[Data segment Boundary: Start]

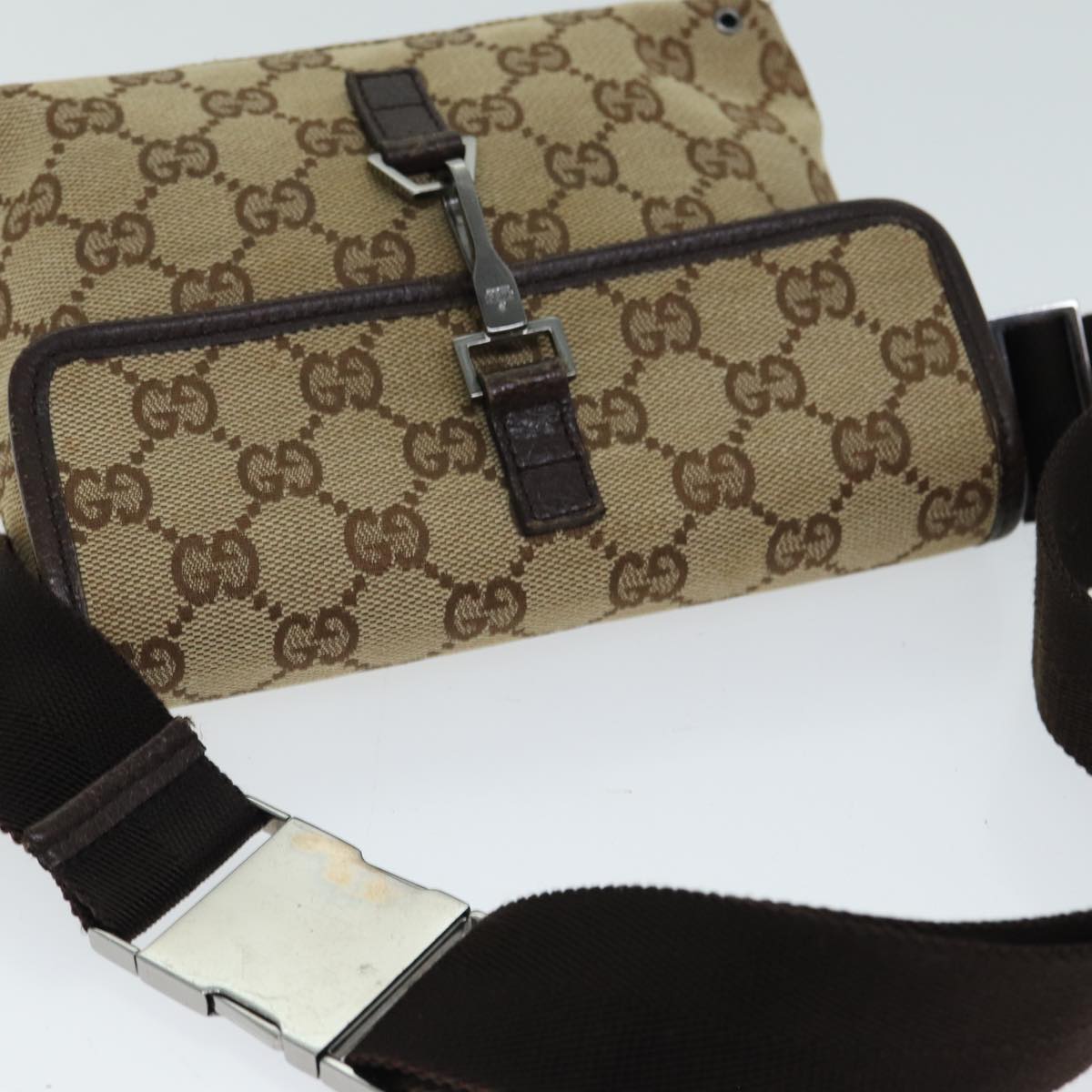 GUCCI GG Canvas Shoulder Bag Beige 92543 Auth 80802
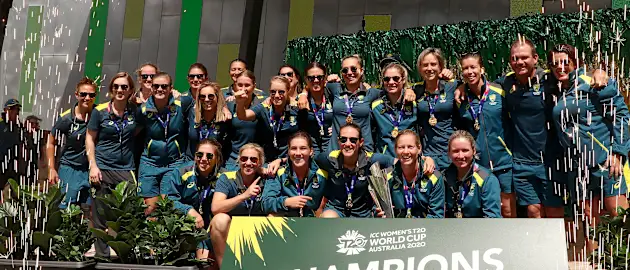 The Australian Women's T20 World Cup team celebrate after winning the ICC Women's T20 World Cup Final, at Federation Square on March 09, 2020 in Melbourne, Australia.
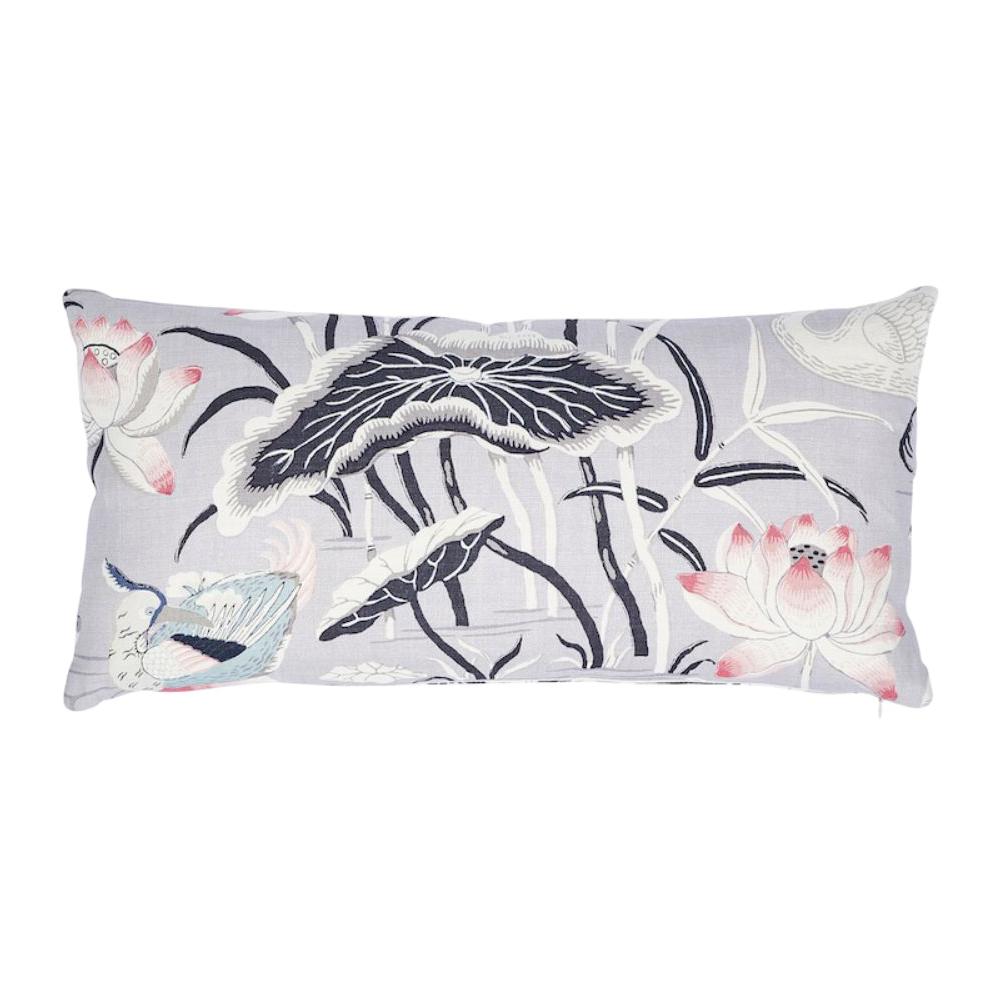 Schumacher Lotus Garden Lumbar Pillow in Lilac For Sale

[Data segment Boundary: End]

- [Task goal] Produce the material above again in full, with identical lines and no pictures.

- [Your solution]
 GUCCI GG Canvas Shoulder Bag Beige 92543 Auth 80802
 The Australian Women's T20 World Cup team celebrate after winning the ICC Women's T20 World Cup Final, at Federation Square on March 09, 2020 in Melbourne, Australia.
 Schumacher Lotus Garden Lumbar Pillow in Lilac For Sale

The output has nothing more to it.